Das Dunkle um uns ernst nehmen
Unsere Feier am Heiligen Abend begann in meiner Kindheit bei uns zu Hause immer so, dass wir uns in der Küche um den Adventkranz versammelten. Wie an den Adventsonntagen davor entzündeten wir eine Kerze nach der anderen. Nach einem Lied und dem gemeinsamen Beten zogen wir feierlich in das Wohnzimmer und entzündeten mit dem Licht des Adventkranzes die Kerzen am Christbaum. Bevor dann das Singen und Feiern so richtig losging, wurde die Terrassentüre geöffnet und der Adventkranz mit den brennenden Kerzen ins Freie gestellt. Als ich meinen Vater fragte, wozu die Kerzen draußen brennen, wenn wir drinnen feiern, antwortete er: „Die Kerzen brennen für den Onkel Franzl, deine Großeltern und alle anderen Verstorbenen, die nicht mehr bei uns sind.“ So waren uns auch in dieser fröhlichen und festlichen Stunde die Verstorbenen nahe. Auch für sie brennt ein Licht! Dieses kurze Hinausstellen des Adventkranzes in die kalte Nacht hat unser Feiern nicht unterbrochen sondern unseren Feierkreis erweitert.

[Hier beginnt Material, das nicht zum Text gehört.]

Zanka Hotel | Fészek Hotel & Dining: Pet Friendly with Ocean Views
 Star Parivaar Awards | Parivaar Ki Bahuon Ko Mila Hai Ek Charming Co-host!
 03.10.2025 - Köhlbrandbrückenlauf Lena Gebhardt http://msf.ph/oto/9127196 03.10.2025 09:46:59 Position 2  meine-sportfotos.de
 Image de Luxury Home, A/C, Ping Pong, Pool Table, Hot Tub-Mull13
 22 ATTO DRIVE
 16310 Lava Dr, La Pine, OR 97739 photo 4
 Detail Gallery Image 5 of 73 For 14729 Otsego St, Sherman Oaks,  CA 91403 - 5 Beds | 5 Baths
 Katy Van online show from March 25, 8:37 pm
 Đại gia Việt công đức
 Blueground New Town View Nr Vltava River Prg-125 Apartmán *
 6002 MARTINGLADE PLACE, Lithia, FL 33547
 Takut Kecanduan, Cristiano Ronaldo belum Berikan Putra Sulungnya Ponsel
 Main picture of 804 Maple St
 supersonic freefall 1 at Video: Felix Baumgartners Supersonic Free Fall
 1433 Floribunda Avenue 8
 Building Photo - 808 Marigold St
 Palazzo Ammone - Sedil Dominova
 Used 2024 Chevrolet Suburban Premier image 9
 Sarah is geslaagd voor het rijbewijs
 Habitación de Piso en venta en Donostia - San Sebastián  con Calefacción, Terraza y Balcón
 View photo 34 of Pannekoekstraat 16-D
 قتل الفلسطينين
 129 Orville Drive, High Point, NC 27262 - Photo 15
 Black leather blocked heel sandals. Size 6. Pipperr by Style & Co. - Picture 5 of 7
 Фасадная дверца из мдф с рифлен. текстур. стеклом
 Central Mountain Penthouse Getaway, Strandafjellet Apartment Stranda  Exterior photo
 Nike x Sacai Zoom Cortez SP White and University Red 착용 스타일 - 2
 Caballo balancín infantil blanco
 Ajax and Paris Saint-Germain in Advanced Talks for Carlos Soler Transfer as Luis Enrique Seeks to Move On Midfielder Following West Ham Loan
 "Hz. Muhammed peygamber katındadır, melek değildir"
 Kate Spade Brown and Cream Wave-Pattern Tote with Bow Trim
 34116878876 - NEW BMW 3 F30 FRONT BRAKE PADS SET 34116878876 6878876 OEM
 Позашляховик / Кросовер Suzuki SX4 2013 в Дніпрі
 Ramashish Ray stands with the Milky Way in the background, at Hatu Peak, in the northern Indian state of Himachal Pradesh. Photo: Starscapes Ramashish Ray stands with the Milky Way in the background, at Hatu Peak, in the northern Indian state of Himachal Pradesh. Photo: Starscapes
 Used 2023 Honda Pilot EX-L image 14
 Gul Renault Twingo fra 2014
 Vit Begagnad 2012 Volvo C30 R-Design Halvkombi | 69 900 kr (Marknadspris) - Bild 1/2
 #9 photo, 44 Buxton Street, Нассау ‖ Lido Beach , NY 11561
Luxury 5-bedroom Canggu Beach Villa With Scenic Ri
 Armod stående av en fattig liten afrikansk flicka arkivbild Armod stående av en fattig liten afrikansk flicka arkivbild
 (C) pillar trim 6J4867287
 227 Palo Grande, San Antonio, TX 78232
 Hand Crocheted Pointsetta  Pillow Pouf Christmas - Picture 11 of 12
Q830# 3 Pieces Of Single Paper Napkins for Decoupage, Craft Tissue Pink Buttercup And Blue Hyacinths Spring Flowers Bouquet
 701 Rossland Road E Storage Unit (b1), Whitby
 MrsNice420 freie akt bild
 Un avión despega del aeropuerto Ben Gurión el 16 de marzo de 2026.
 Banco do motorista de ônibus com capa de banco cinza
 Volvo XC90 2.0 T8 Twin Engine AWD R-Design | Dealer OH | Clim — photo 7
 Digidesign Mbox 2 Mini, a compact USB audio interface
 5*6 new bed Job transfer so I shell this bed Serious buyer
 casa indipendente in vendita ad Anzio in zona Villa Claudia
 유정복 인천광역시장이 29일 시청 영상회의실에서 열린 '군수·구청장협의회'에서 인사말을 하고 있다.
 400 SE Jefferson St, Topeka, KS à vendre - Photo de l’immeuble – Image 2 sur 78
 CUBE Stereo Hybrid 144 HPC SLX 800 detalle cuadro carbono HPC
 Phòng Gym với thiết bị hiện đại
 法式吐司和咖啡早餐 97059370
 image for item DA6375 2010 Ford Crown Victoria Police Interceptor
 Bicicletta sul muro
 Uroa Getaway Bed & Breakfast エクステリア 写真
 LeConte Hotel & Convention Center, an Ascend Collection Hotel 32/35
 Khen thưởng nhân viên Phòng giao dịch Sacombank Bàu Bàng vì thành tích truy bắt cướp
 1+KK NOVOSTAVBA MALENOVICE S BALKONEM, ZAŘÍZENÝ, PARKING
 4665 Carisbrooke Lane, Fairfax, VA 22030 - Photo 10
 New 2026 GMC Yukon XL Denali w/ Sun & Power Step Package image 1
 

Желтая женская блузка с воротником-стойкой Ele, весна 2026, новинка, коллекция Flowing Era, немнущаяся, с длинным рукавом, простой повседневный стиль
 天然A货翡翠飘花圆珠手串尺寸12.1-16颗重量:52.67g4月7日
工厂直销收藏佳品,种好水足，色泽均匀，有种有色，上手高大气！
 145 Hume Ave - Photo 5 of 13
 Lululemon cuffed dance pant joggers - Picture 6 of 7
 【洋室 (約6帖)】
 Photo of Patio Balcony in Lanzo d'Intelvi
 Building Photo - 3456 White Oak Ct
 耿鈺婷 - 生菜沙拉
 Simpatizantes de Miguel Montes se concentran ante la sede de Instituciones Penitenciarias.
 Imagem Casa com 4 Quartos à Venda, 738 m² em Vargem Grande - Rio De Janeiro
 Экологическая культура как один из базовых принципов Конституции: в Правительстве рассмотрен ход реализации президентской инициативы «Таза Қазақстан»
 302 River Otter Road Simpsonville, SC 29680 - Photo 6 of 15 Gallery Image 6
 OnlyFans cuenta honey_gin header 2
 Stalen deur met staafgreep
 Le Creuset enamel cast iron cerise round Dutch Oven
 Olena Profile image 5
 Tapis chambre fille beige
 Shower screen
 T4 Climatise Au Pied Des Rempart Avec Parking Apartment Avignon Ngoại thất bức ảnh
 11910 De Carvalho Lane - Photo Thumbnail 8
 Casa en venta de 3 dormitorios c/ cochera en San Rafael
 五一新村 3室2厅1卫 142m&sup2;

Manche Trauernden feiern Weihnachten gerade in den ersten Jahren nach dem Tod eines lieben und nahen Menschen gerne still, manchmal auch allein für sich. Sie spüren den Schmerz, dass es jetzt ganz anders ist, als noch im letzten Jahr. Aber gerade dieses bewusste Annehmen der neuen Situation kann heilsam und befreiend sein.
Vielleicht müssen wir das Dunkle um uns ernst nehmen, um das Licht in uns neu zu entdecken.
In diesem Gottesdienst sind wir auf dieser Spur. Wir suchen gemeinsam mit Ihnen und mit Euch dieses Licht.
Es ist das Licht der Tradition und Religion. Es ist das Licht des Glaubens, dass Gott es trotz allem, was uns schmerzt und kränkt, gut mit uns meint.
Von diesem Licht haben wir in der Lesung aus dem Buch des Propheten Jesaja gehört. Es ist die Lesung, die bei der Mette in der Heiligen Nacht vorgelesen wird.
Dieses Licht, dieses Kind kann der Versuch einer Antwort werden auf die Fragen, die die Traurigkeit stellt. Im Schmerz des Alleinseins entdecken wir die Verbundenheit mit unseren Verstorbenen neu. Das Licht des Vertrauens kann uns gerade zu Weihnachten zeigen, dass wir mit ihnen verbunden bleiben und dass sie jetzt im Licht zu Hause sind bei diesem göttlichen Kind. AMEN!